Lors de cette brève entrevue en marge d’une allocution sur l’indépendance des médias communautaires à Trois-Pistoles, l’ex-magnat de la presse a évoqué l’idée qu’un réseau de télévision (il n’a pas précisé si ce serait TVA) crée un grand jeu télévisé ayant pour objet les meilleures idées pour le Québec indépendant, «peut-être en lien avec la Constituante», a-t-il laissé entendre.

Le tabou des Libéraux

S’il s’est dit «surpris que le PQ remette en question nos institutions politiques, issues d’une longue tradition démocratique», le chef libéral Philippe Couillard convient qu’une réforme du mode de scrutin est depuis longtemps dans le programme de son parti.

«Même s’il date du XIXe siècle, on ne voulait pas vraiment changer le système, parce que c’est ce même système qui nous permet de gagner les élections, et grâce à ses distorsions, nous allons encore reprendre le pouvoir cette fois-ci», a échappé la candidate libérale Christine St-Pierre, ajoutant que le PQ était du même avis jusqu’à nouvel ordre. «Je crois que c’est la panique qui les pousse à faire de telles promesses irréalistes», a-t-elle poliment suggéré.

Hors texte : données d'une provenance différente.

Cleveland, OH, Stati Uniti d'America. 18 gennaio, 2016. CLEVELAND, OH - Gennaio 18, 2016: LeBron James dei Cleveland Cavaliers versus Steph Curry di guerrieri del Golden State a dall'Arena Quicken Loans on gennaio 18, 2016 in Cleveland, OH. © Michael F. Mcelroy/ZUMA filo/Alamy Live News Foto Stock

Récupération électoraliste

Du côté de Québec Solidaire, on dénonce la récupération pure et simple. Le parti de Françoise David menace la réélection du PQ en attirant les voix de gauche dans plusieurs circonscriptions. «Ça fait des années que c’est dans notre programme, la Constituante, s’est exclamé le candidat Amir Khadir. Ce que je comprends, c’est que le PQ veut séduire nos électeurs à quelques jours de l’élection.»

Le Parti des sans-parti (auparavant connu sous le nom de Coalition pour la constituante), applaudit cette initiative, qui est au cœur de son propre programme. «Si le PQ est élu et concrétise cet engagement, nous pourrons enfin dissoudre notre parti, comme prévu», a indiqué le chef Frank Malenfant.

«Tirer au sort les délégués! ON n’y avait pas pensé, concède le chef d’Option nationale, Sol Zanetti. Ainsi, on évite une campagne partisane, des nominations corporatives, ou syndicales, et on fait l’indépendance. Ce plan est meilleur que notre programme!» M. Zanetti promet toutefois de surveiller de près le gouvernement péquiste, s’il est élu, pour que cet engagement se réalise.

Il n’a été possible de parler à aucun candidat de la Coalition Avenir Québec, dont plusieurs sont déjà partis dans le sud, et d’autres sont en arrêt de travail pour épuisement professionnel. «Ils se sont trop donnés!», a blagué la personne qui nous a répondu à la permanence nationale.